Amphion Argon 3S
Directement dérivée du modèle professionnel One18, une enceinte «monitoring» très appréciée chez les pros, la nouvelle enceinte de bibliothèque Amphion Argon 3S reprend le concept d’un haut-parleur passif en lieu et place de l’évent bass-reflex des ancien
La marque finlandaise Amphion est encore discrète et pourtant sa notoriété s’étend de plus en plus dans le milieu professionnel. Que ce soient des studios d’enregistrement, de mixage ou même pour certains compositeurs de musique, les enceintes Amphion séduisent par une restitution très naturelle mais aussi par leur aptitude à être écoutées des heures durant sans fatigue ou lassitude.

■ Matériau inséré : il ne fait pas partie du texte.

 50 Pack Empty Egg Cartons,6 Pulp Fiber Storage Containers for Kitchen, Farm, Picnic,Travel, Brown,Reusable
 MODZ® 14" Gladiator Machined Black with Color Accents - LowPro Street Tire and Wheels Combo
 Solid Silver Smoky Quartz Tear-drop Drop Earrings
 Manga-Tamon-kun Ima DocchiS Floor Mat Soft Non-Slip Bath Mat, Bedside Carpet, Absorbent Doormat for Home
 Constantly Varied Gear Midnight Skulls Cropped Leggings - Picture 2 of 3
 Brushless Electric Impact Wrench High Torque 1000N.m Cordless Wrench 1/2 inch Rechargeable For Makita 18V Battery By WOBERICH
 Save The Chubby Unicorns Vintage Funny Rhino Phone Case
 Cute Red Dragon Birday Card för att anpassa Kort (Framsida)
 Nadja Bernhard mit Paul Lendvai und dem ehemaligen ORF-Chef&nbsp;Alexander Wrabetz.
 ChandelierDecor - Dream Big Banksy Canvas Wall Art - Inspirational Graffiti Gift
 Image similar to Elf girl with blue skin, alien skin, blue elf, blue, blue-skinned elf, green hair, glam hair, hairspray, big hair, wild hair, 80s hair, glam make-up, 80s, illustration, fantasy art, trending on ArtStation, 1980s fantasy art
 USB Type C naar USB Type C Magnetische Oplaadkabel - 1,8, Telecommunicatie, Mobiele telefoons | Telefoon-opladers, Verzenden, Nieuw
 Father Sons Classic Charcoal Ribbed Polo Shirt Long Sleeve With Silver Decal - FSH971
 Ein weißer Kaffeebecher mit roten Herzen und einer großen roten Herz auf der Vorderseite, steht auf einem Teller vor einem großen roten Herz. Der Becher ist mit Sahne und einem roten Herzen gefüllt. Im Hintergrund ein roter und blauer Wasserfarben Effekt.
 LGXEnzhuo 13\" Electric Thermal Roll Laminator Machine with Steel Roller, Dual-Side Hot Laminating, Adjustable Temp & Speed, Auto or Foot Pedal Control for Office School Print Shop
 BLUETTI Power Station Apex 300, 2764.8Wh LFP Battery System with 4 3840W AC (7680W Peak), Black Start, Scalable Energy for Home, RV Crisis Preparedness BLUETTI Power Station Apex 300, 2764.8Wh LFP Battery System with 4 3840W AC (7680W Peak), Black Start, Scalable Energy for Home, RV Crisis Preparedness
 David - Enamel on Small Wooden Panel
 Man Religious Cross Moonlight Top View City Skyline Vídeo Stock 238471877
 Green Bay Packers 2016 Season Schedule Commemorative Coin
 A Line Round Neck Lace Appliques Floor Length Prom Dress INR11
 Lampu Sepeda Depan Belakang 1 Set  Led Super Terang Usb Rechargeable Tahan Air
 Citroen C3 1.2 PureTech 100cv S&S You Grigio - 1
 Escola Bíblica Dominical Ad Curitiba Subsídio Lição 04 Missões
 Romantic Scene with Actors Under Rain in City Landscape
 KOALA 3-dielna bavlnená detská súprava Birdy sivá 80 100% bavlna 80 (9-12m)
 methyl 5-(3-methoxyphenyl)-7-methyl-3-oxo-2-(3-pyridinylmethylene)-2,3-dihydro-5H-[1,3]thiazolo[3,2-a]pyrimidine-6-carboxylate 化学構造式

Adieu le bass-reflex, vive le radiateur passif
Sur les enceintes Anphion Argon un gros travail a été effectué sur la charge du haut-parleur de médium/grave. Après de nombreux essais et mises au point, l’évent bass-reflex fait place aujourd’hui à un transducteur passif placé à l’arrière de l’enceinte. Comment cela fonctionne-t’il ? Un transducteur passif (ou radiateur passif) est un haut-parleur sans sa partie moteur, il est composé uniquement d’un châssis, d’une membrane et de ses suspensions. Il ne peut donc pas être utilisé seul, puisqu’il est incapable de vibrer seul. Il doit être entrainé par un haut-parleur actif, disposé en face avant dans notre cas. Ce dernier produit donc des pressions et dépressions d’air à l’intérieur de la caisse, elles vont entrainer les mouvements en piston de ce radiateur passif qui jouera exactement le même rôle qu’un évent mais en plus performant. Cette technique présente l’avantage d‘abaisser le taux de distorsions tout en apportant une bande
passante plus large : les effets recherchés par Anssi Hyvönen le concepteur des enceintes Amphion.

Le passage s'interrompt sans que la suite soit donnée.